Goldman's alleged disdain for their clients points to a far greater problem at the core of the financial regulatory landscape, one that should strike fear into the hearts of would-be-muppets everywhere.
Many people -- even those in financial services -- don't realize that there are two vastly separate regulatory regimes out there that watch the people who watch over other people's money. On the one hand are "registered investment advisers" who are registered with the SEC and are held to a higher fiduciary standard, meaning they can only put their clients into investments that are in their clients' best interest.
Amazingly, a whole other regulatory regime exists: one of "registered representatives" who are regulated by FINRA. These registered reps are what most people call stockbrokers (brokers). Brokers do not have to put their clients' interests first. Usually, they call themselves "financial advisers" in a seemingly transparent bid to piggyback on the term "investment adviser." But "financial adviser" is not a legal term with any designated meaning. Stockbrokers are held to the much lower "suitability standard" -- which basically means you can't put a great-grandmother into 100% internet stocks. Since it doesn't require putting the client first, you might have a guess at who frequently gets first dibs instead.
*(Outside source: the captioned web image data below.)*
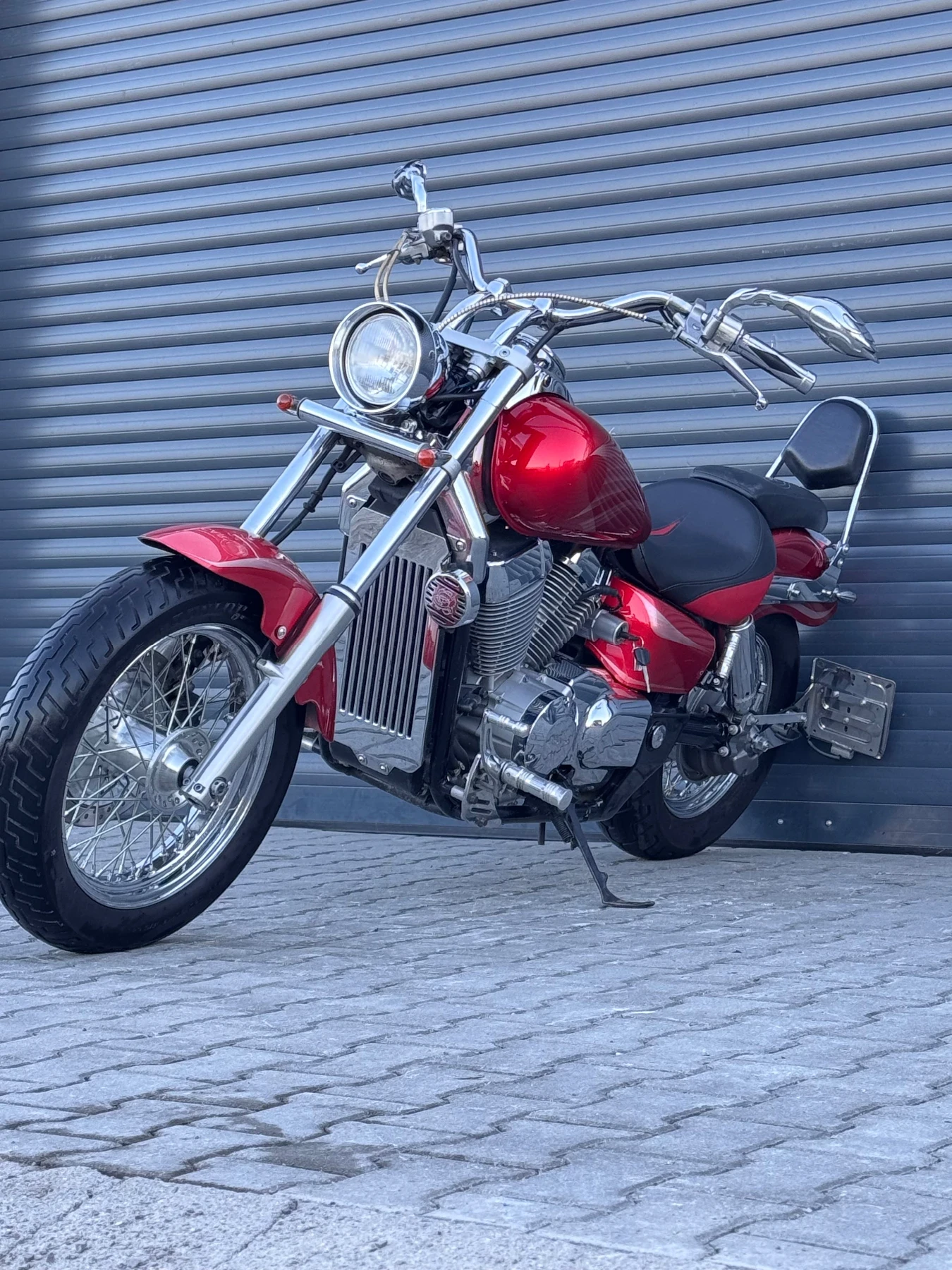 Honda Vt 750C БЕЗ АНАЛОГ!, снимка 2 - Мотоциклети и мототехника - 53803851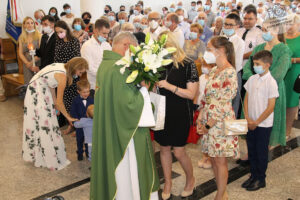 Read more about the article Pożegnanie księdza 2021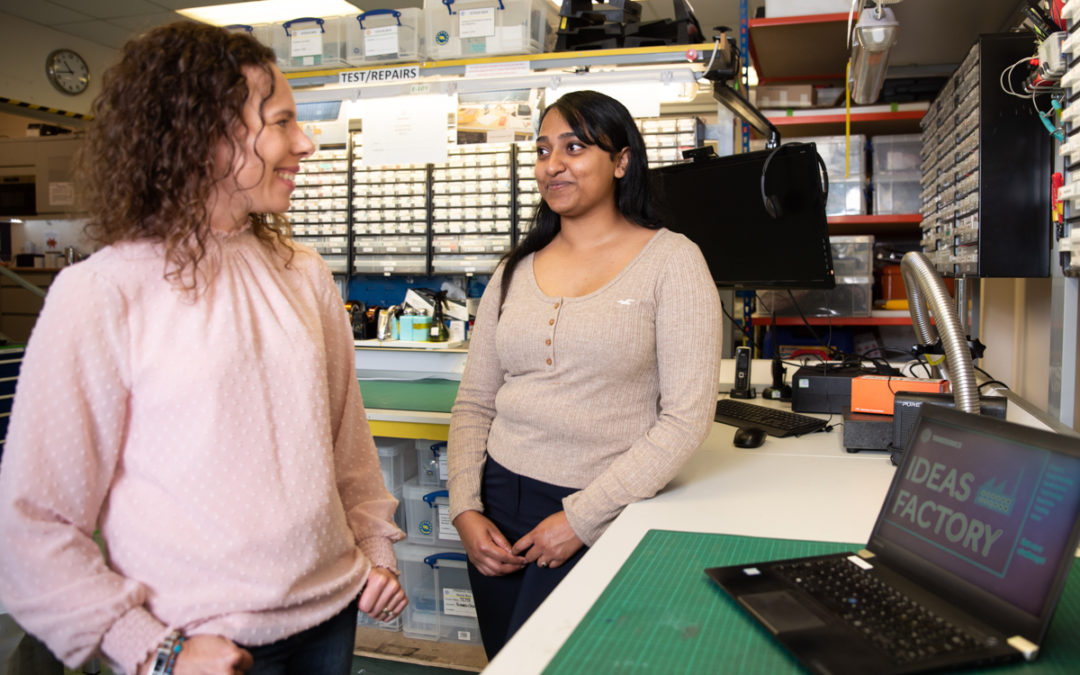 Helping local businesses to grow with graduate talent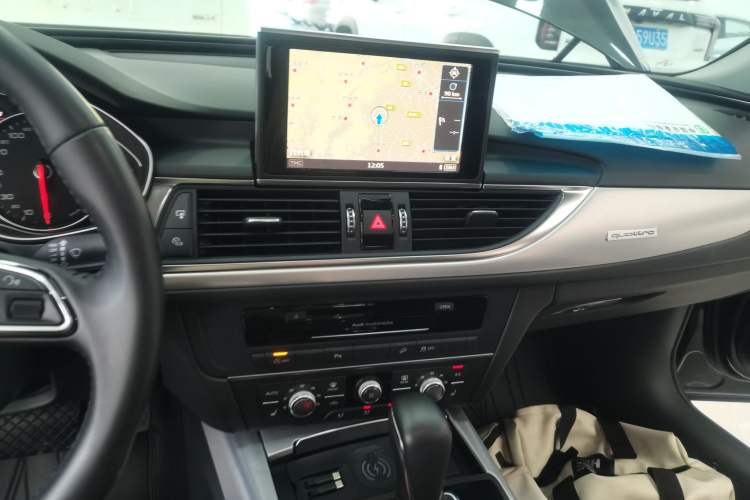 Used Audi A6  Audio And AC Panel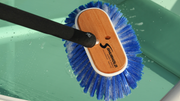 Shurhold IND Ideal For Delicate Surfaces Scrub Brush 975 - Blue 10 Deck Extra Soft Nylo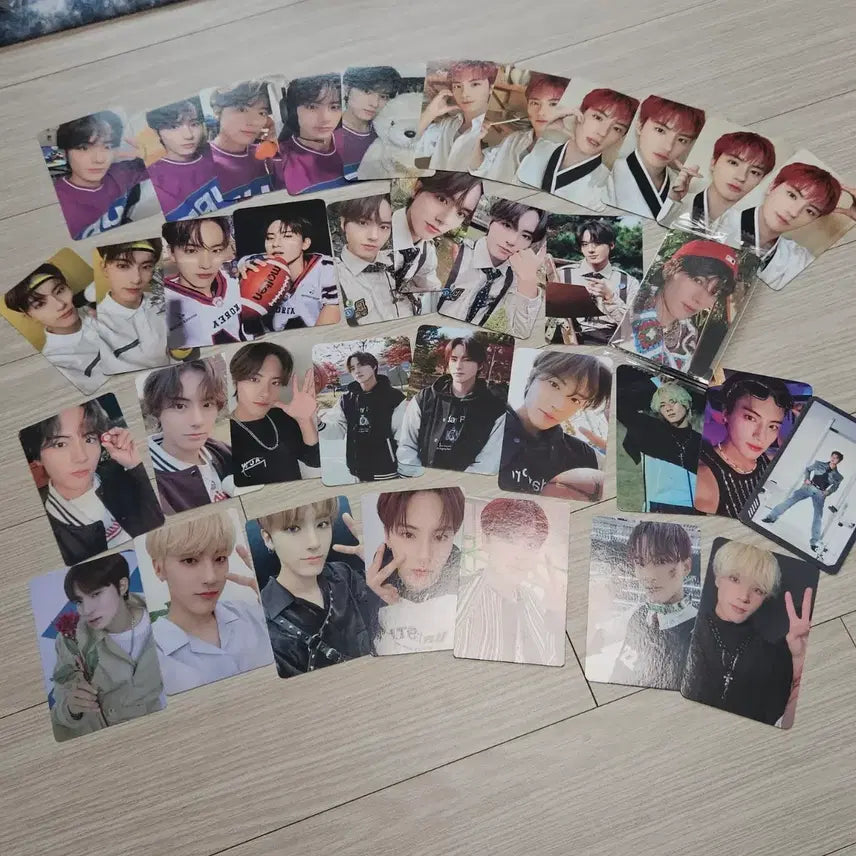 [BUNJANG] The Boyz Eric Bundle Set Photocard / 더보이즈 에릭 포카 일괄 로투킹 라포티셀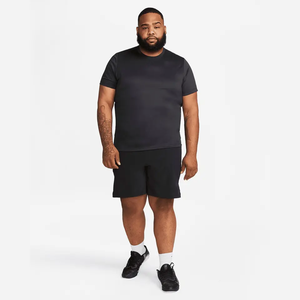 Camiseta de hombre de diseño personalizado algodón de alta calidad ajuste holgado manga corta Fitness Top buena ropa deportiva - Product Image 6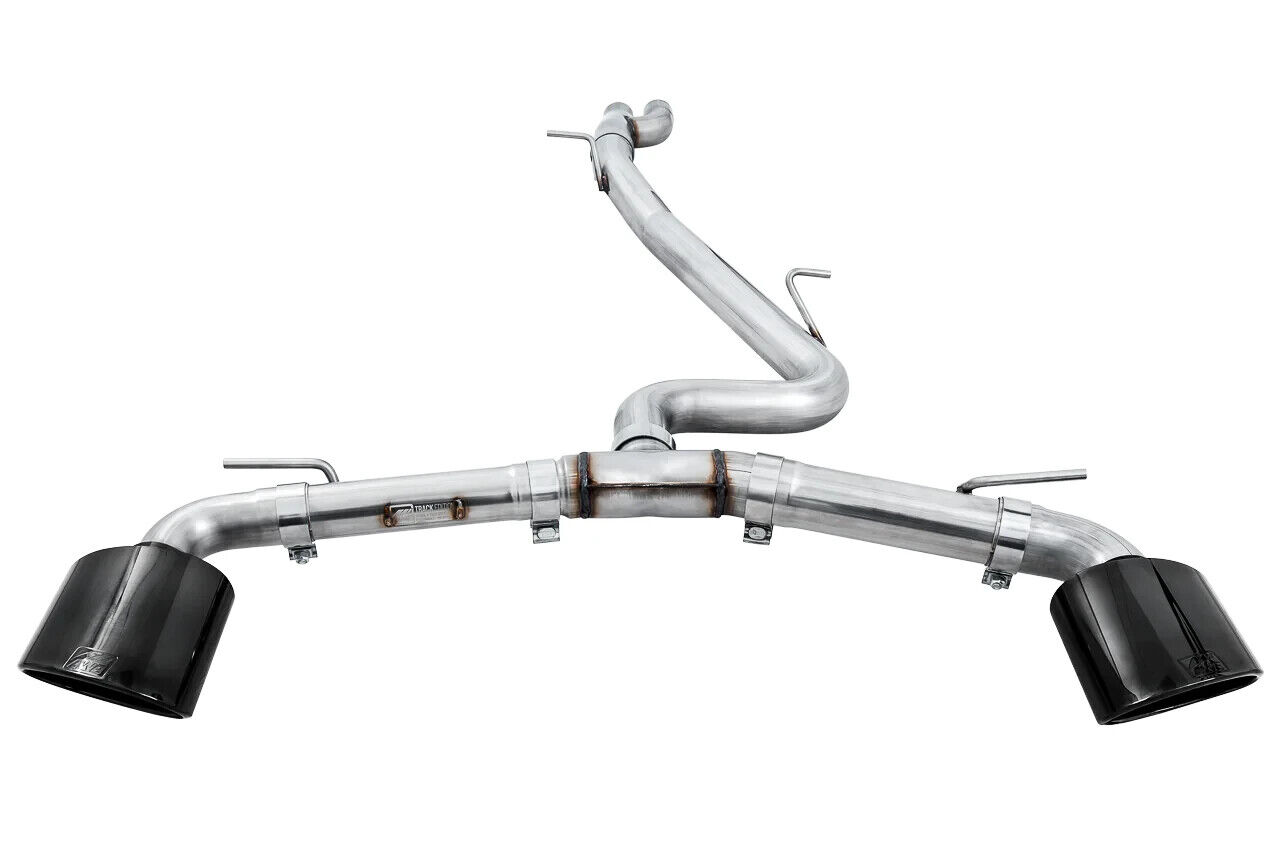 AWE Track Edition Exhaust w/Black RS-style Tips For 2018-2022 Audi TT RS Quattro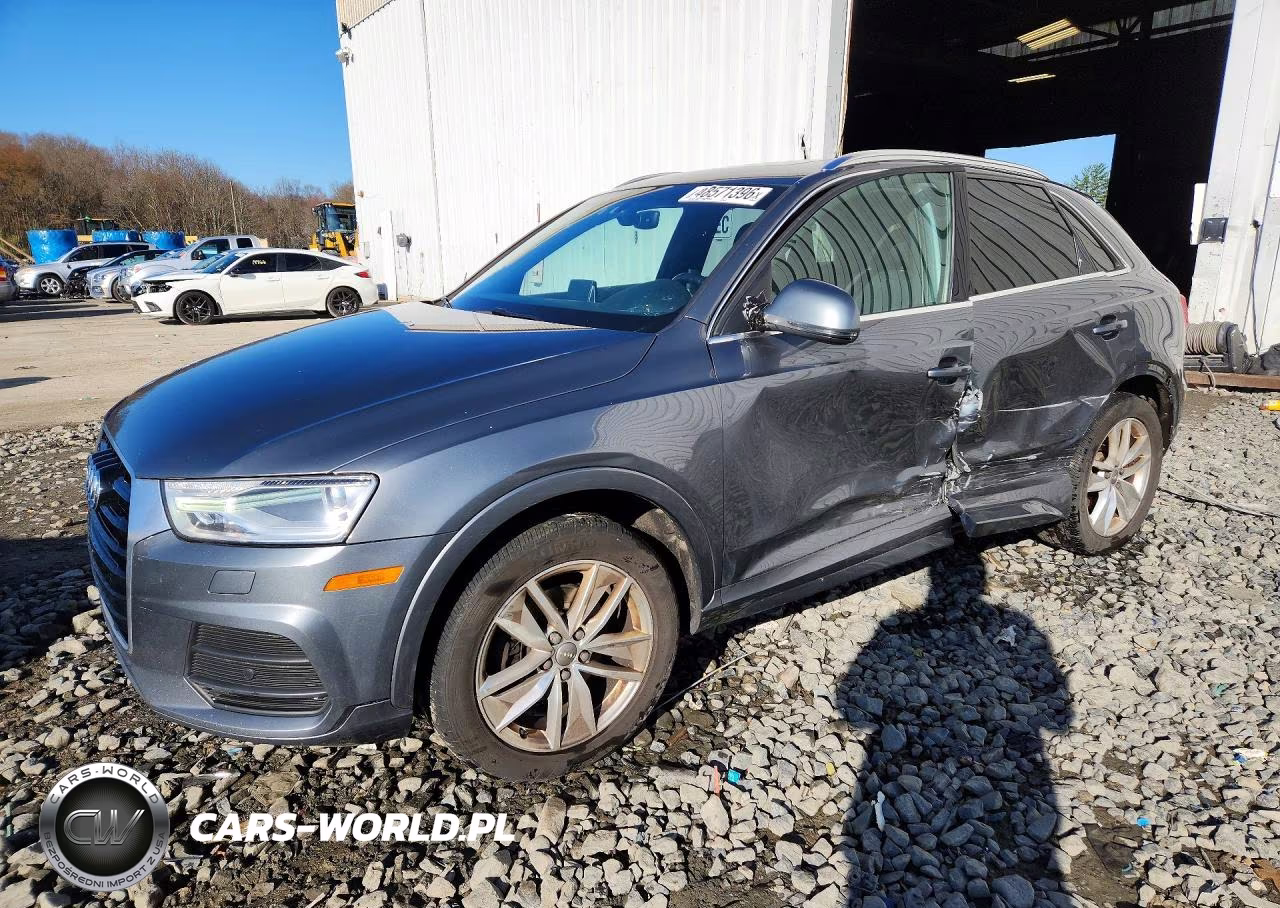 2016 Audi Q3 Premium Plus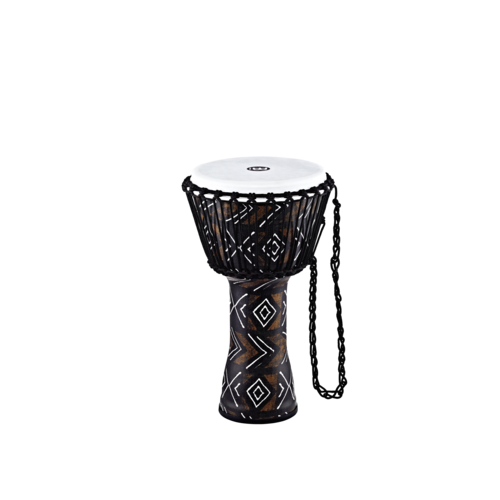 Meinl Meinl 10" Rope-Tuned Travel Series Djembe Kanga Sarong Meinl Meinl 10" Rope-Tuned Travel Series Djembe Kanga Sarong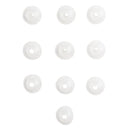 Motorola-Accessory-67009254001 Clear Eartip 10 Pack-Replacement standard clear rubber eartip. Pack of 10 (replacement for PMLN5724/PMLN5726 and PMLN5957)-Radio Depot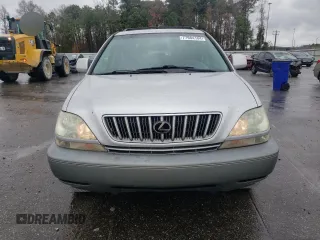 2002 Lexus RX 300 with VIN JTJGF10U320141862, listed as a Copart auction lot 77984184 with 260,379 mi miles and Salvage Title. Bid and sale history available at carsss.com. Image 5.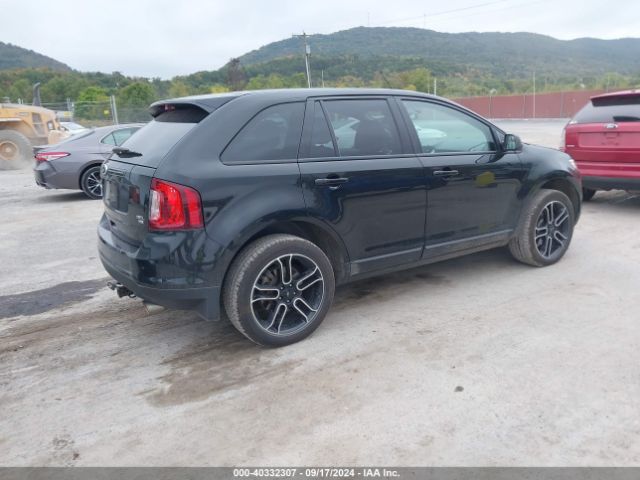 2FMDK4JCXEBB83498 Ford EDGE SEL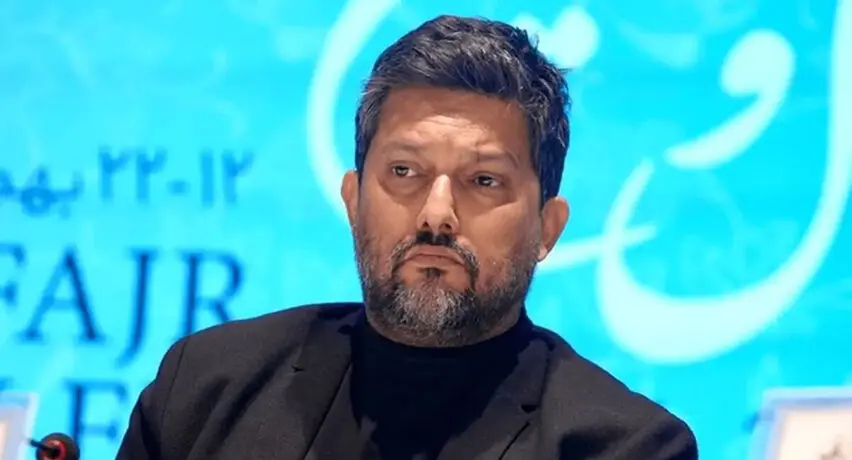عذرخواهی حامد بهداد از خانواده شهید امنیت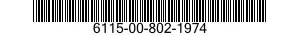 6115-00-802-1974  6115008021974 008021974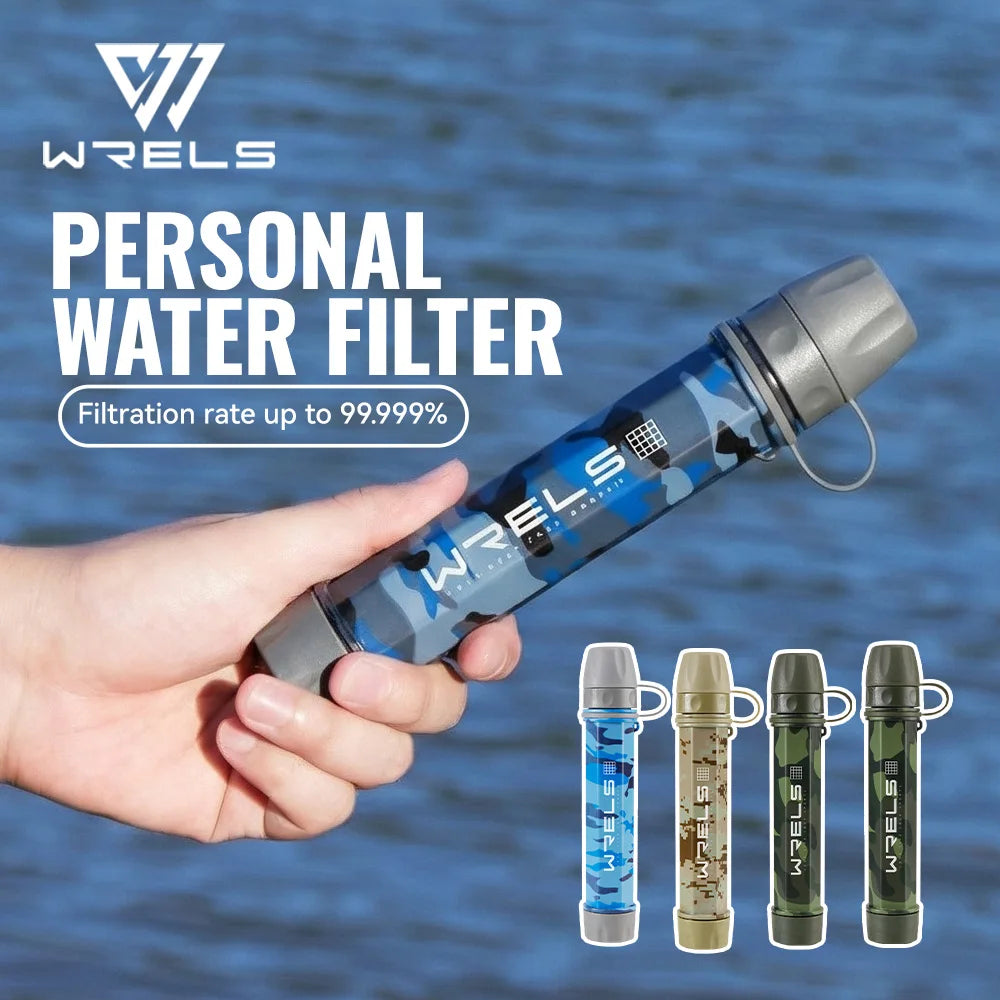 Outdoor Water Filter Straw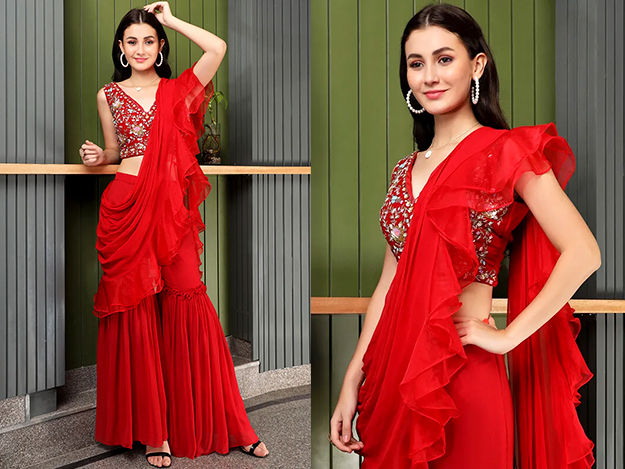 5 Fun and Fashionable Festival Saree Styling Tips
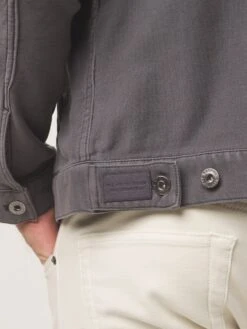 Comfort Terry Trucker Jacket -The Normal Brand Shop STUDIO 6 bd0c67b4 da98 4186 bd39 b1901fcc44a9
Yes, stockbrokers are often glorified car salesmen. They sell a product, usually an annuity or sometimes a mutual fund, and not always the best one, but sometimes the one with the highest commissions and fees attached -- something which benefits them at the miserable expense of the client.
Of course, there are honest, well-meaning brokers out there. But if they were really serious about putting the client first, why wouldn't they drop their stockbroker sheep's clothing and become registered investment advisers? The good ones have already done so. I'm proud to say I've been a registered investment adviser since I started managing money many years ago: first registered with New York state, and since 2011 registered with the SEC.
Goldman Sachs is such a large firm that it probably has both brokerage divisions and investment adviser divisions, which ironically would have different standards of care to their clients. But to call your customer a muppet speaks of a culture that couldn't possibly think of clients with any dignity. If that wasn't the brokerage division, I'd be surprised. The big firms are usually brokers, not investment advisers. And the culture is an unsurprising result.
Clients should protect themselves by always asking their adviser straight-up: are you a registered investment adviser? Only those three exact words will tell the tale. And they should get it in writing -- to prove they aren't a muppet.